* _Exercise description_: Give the listing back in full, exactly as written, with the pictures removed.

* _Provided material_:

---

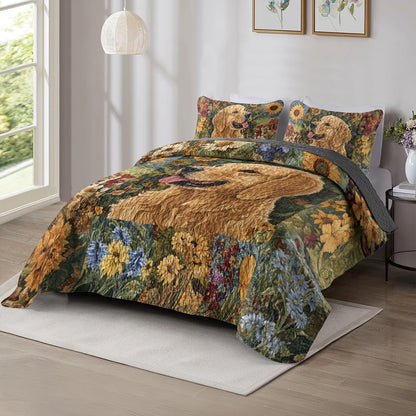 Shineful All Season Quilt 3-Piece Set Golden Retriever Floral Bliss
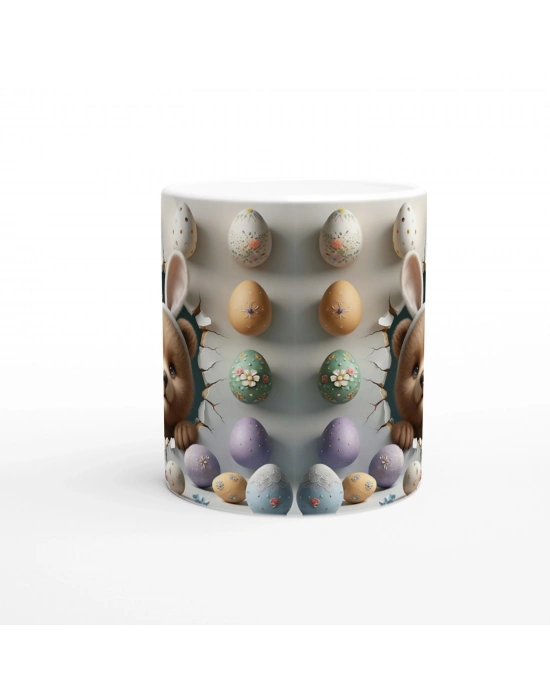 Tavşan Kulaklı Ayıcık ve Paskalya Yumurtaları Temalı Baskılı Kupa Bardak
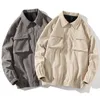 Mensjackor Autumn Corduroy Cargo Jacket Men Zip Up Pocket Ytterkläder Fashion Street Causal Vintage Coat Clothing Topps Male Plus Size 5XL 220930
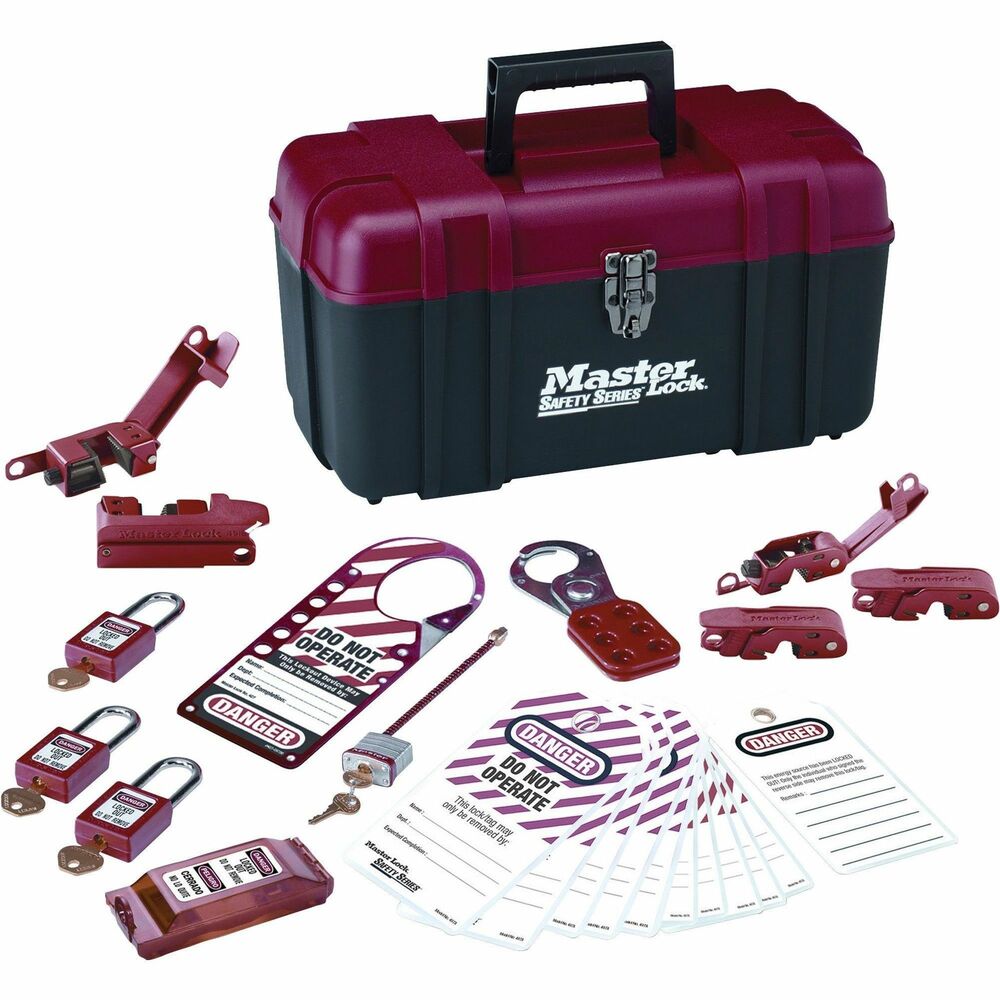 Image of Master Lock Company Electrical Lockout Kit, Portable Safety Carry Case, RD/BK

---

* _Completed exercise_:
 Shineful All Season Quilt 3-Piece Set Golden Retriever Floral Bliss
 Tavşan Kulaklı Ayıcık ve Paskalya Yumurtaları Temalı Baskılı Kupa Bardak
 Mensjackor Autumn Corduroy Cargo Jacket Men Zip Up Pocket Ytterkläder Fashion Street Causal Vintage Coat Clothing Topps Male Plus Size 5XL 220930
 Image of Master Lock Company Electrical Lockout Kit, Portable Safety Carry Case, RD/BK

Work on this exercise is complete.